If you are from a marketing background, you might not be that familiar with Supply Chain Management. The term is more commonly associated with manufacturing and the basics are that in originating products for use by your customers, the raw materials and services that make them up will go through various processes and potentially numerous suppliers. The theory is that if the supply chain is coordinated and in alignment then it is possible to speed up the process, reduce mistakes and save costs as a result. By having visibility of each stage, you can see what is causing a bottleneck and make adjustments to optimise the whole chain. One of the seminal textbooks on the subject is called The Goal by Eliyahu Goldratt which is presented as a kind of ‘business novel’ where the protagonist runs a factory in his home town which is threatened with closure unless it becomes more efficient and stops losing money (it’s a more entertaining read than that summary suggests but still maybe not one for your holiday).
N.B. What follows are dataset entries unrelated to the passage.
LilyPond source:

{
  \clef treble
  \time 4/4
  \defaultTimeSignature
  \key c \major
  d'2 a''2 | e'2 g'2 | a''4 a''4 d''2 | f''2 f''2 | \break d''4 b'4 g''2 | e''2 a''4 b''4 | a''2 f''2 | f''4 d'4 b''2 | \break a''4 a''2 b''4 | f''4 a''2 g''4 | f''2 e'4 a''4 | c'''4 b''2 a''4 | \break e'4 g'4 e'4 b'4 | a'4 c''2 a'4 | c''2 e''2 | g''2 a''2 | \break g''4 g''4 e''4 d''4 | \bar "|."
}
This subject has been hanging around in MRM and DAM for a decade or so now. The rise of DAM especially has given many marketing departments a central hub where users of their assets are likely to congregate, firstly to access media assets and then to do more with them. There is a definite interest in the marketing ‘one stop shop’ where staff can arrive at some central portal, download media, order physical marketing goods and also customise what they can get out of the other end via various personalisation capabilities.
On the vendor side, this trend is probably driving the more larger and more acquisitive participants who want to corner the market and win bigger and more lucrative accounts that are commensurate with the scale of their own ambitions. My fellow DAM News contributor, Naresh Sarwan analysed this yesterday. Since ADAM would probably want to put themselves into that echelon too then it’s no surprise they are eager to educate their audience with material about how you can save money by implementing marketing supply chains – but only if you buy into their suites of course!
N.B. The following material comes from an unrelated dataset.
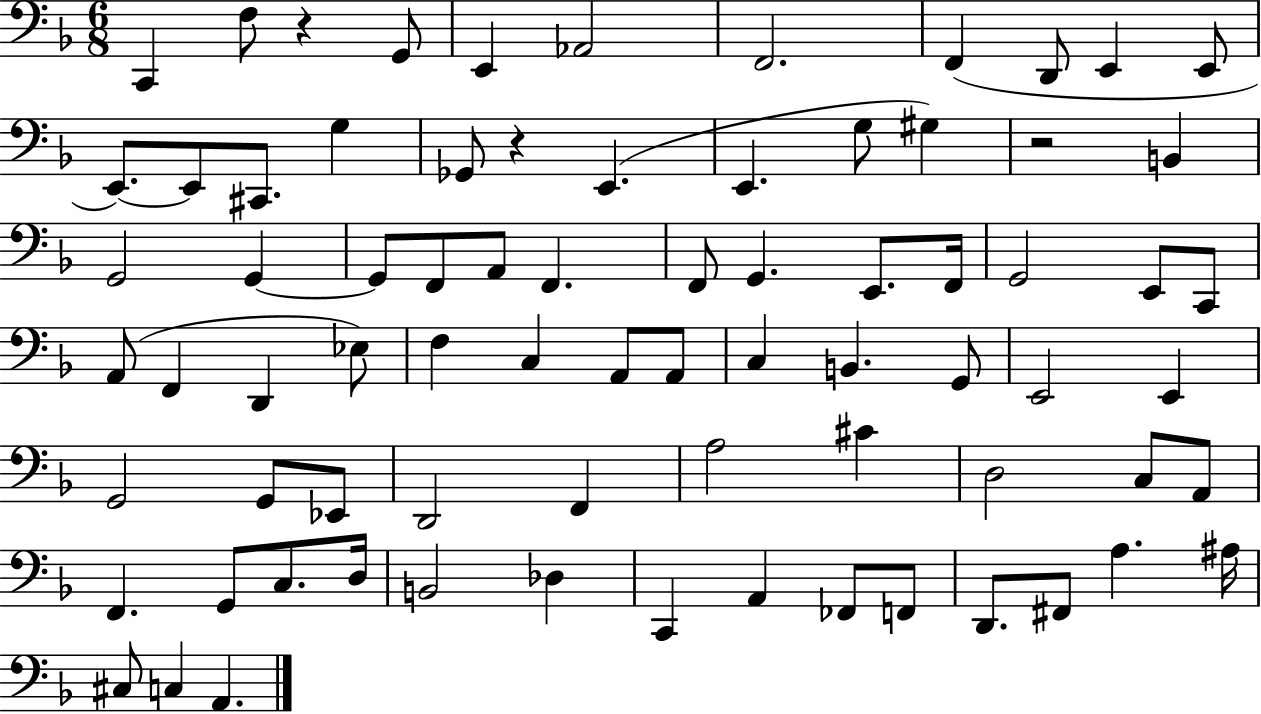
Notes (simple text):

C2/q F3/e R/q G2/e E2/q Ab2/h F2/h. F2/q D2/e E2/q E2/e E2/e. E2/e C#2/e. G3/q Gb2/e R/q E2/q. E2/q. G3/e G#3/q R/h B2/q G2/h G2/q G2/e F2/e A2/e F2/q. F2/e G2/q. E2/e. F2/s G2/h E2/e C2/e A2/e F2/q D2/q Eb3/e F3/q C3/q A2/e A2/e C3/q B2/q. G2/e E2/h E2/q G2/h G2/e Eb2/e D2/h F2/q A3/h C#4/q D3/h C3/e A2/e F2/q. G2/e C3/e. D3/s B2/h Db3/q C2/q A2/q FES2/e F2/e D2/e. F#2/e A3/q. A#3/s C#3/e C3/q A2/q.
I have been involved in a few different marketing supply chain projects in the past and have had some opportunity to form a considered opinion on this subject. I’m not sure they are going to follow the same pattern as manufacturing supply chain initiatives and the efficiencies that may be obtained might take a different form which relies on an alternative approach than simply copying the strategies used. There are several key differences between manufacturing and marketing supply chains which might impact the efficiency improvement curve and how that will manifest itself. I will consider each below.
Supplier Alignment
Manufacturers have had a lot more time to revise the interactions between different participants in their supply chains. This whole subject has been known and widely understood for 20-30 years or more in manufacturing. Some suppliers to the marketing function such as logistics companies are masters at it already as a result, others like printers might be a little more mixed with some understanding it quite well and others less so. There are a further category of providers who offer ‘softer’ services like design agencies who won’t be at all used to being directed via automated systems and they might be either indifferent or actively opposed to them.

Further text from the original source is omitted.